Balance Transparency and Exposure of Vulnerabilities

It is crucial that students comprehend their grades. Understanding why a particular grade was given is essential to foster acceptance and enable learning from feedback. Here, making the model’s decision process transparent to students is a powerful approach to increase understanding. However, transparency may also reveal exploitable weaknesses, such as unreliable features. Having access to the model’s inner workings enables more powerful and efficient adversarial attacks. Therefore, one can argue that keeping grading models secret is sensible. Moreover, one may implement measures that make it harder for adversaries to glean information from querying the model. For example, one can limit the number of times students can receive feedback from the model in a time span to humanly reasonable levels, thus, hindering automatic probing.

Limitations & Future Work

Finally, we will point out a few limitations of our experiments and ideas for future work. This paper focused on the effects of one adversarial attack strategy. As the space of possible adversarial manipulations is quite large, it will be exciting to see how well other strategies perform. We then plan to utilize developed attacks in adversarial training to make grading models more robust and explore the models’ usability and security in practice. Here, one could also investigate other effects of adversarial attack assessment strategies, such as their impact on responses the student would have answered correctly without the adversarial modification. Moreover, we assumed that potential attackers would purposefully aim to fool the model into accepting incorrect responses. It would also be interesting to investigate grading models’ robustness to non-malicious writing styles and mistakes, such as common typos or varying verbosity levels.

Additionally, our experiments could be expanded to other automatic short answer grading architectures. So far, we have explored the attack’s effectiveness on transformer-based models on various datasets. While the existence of adversarial vulnerabilities is generally believed to be a result of neural networks exploiting unreliable correlations in the training data instead of being a bug of a particular architecture or hyperparameter setup (Ilyas et al, 2019), we can not rule out that other grading models may be significantly less sensitive to our particular attack. Especially classical machine learning models based on engineered features are likely to require attacks tailored to their feature sets.

Lastly, we mainly see two factors restricting the generalizability of our human evaluation. First, the number of samples annotated was not large enough to reliably detect minor effects. Especially for the mistrust hypothesis, a follow-up study with a larger sample size would have to be conducted to rule out the attack making responses slightly more suspicious. Considering our graders took almost an hour to rate 30 responses, we think more annotators and multiple annotation sessions would make sense.

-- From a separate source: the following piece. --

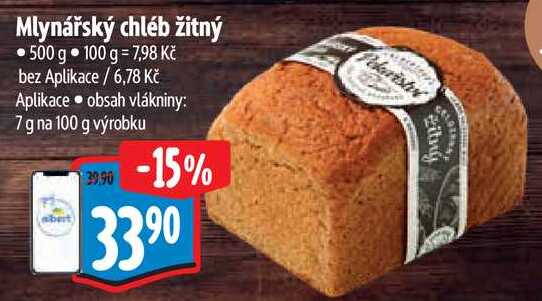 Mlynářský chléb žitný, 500 g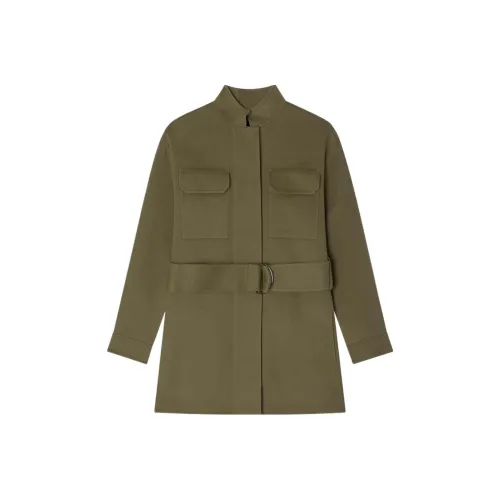 Theory Хаки зеленый Женские бархатные куртки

Second, all of our graders stem from engineering fields and work at a university. It would be interesting to see whether our observations also hold for other fields and other education institutions. Especially American school teachers may be better at differentiating manipulated answers from poorly written ones. While our annotators were accustomed to grading English short answers in their daily lives and speak English proficiently, they were not native speakers. Moreover, they stem from various countries, such as India and Slovenia, and may speak different English dialects. This probably impacted the evaluation of naturalness, as indicated by the low inter-annotator agreement, but we expect only a minor effect on the correctness and mistrust scales.